KarchinLab / open-cravat

A modular annotation tool for genomic variants
MIT License
113 stars 27 forks source link

Install modules as part of a conda env #281

Open esebesty opened 1 month ago

esebesty commented 1 month ago

I was wondering if it is somehow possible to do the following (or implement it in the future).

I'm using open-cravat as part of a snakemake pipeline, where each snakemake rule has its own environment definition in a yaml file. Snakemake uses this yaml file to install needed tools and detects if an environment was already set up and reuses it as needed. I created a yaml file for oc, but annotation modules can't be defined in the yaml, so the actual snakemake rule looks like this:

rule oc:

    conda: "envs/opencravat.yaml"

    shell:
        """
        oc module install -y -f -v 1.1.0 aloft
        oc module install -y -f -v 1.1.1 clinvar
        oc run {input.tsv} -l hg19 -a aloft clinvar -t text excel --cleanrun
        """

Is there a better way to do this, so I don't need to run the module install every time I run the rule? I don't want to manually activate an environment, install modules there, and use that. Everything should be reproducible based only on the yaml definition.

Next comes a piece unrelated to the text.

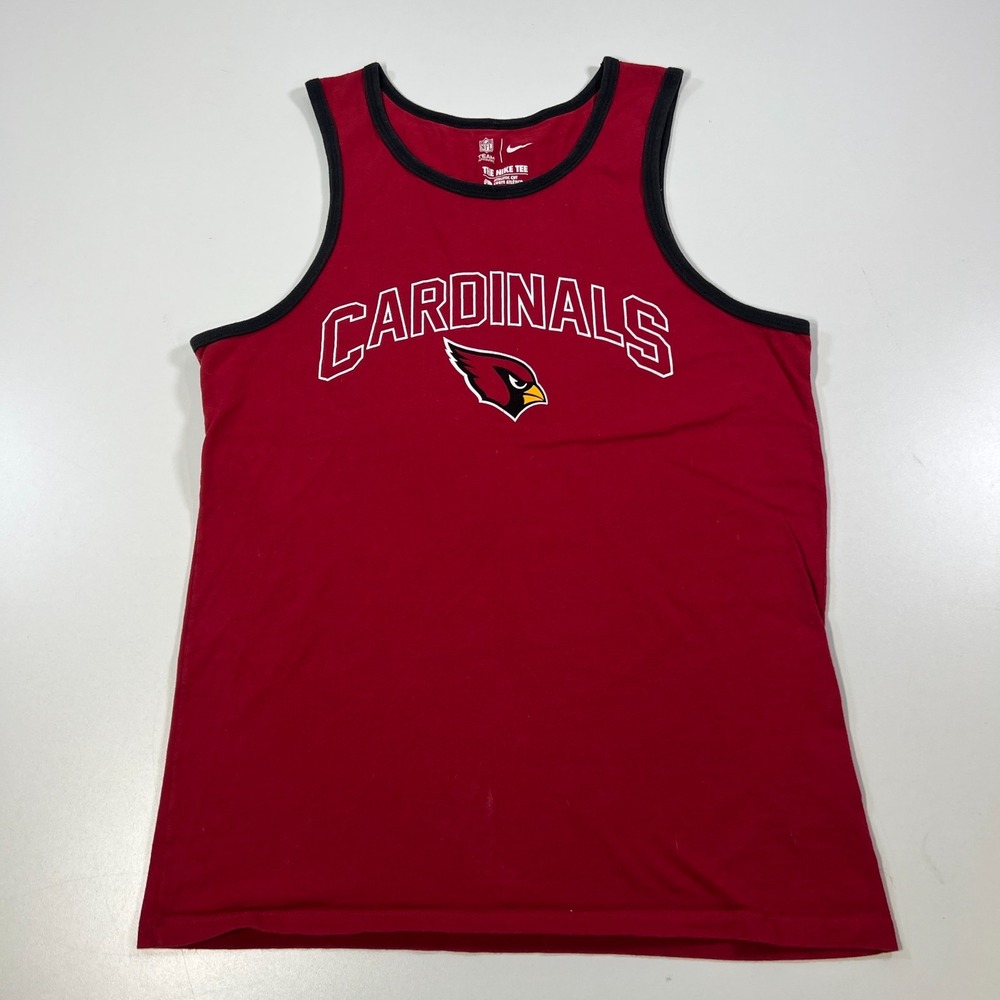 Nike Arizona Cardinals Shirt Mens Small Red Sleeveless Tank Top NFL Cotton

Would it be possible to add various annotation modules to conda, so I can install specific annotation versions, define them in the environment and snakemake will take care of the rest.

So something like:

mamba create -n oc
mamba activate oc
mamba install open-cravat 
mamba install oc-module-aloft=1.1.0
mamba env export > oc.yaml

where the final oc.yaml, that I can reuse looks like this:

name: oc
channels:
  - bioconda
  - conda-forge
  - defaults
dependencies:
  - open-cravat=2.7.3
  - oc-module-aloft=1.1.0
jasminebro commented 1 month ago

Hi @esebesty this is a very interesting feature request. I will pass thing along to our IT team to investigate if this is a possibility. Thank you for the request. Please let us know if you have any other questions about OpenCRAVAT.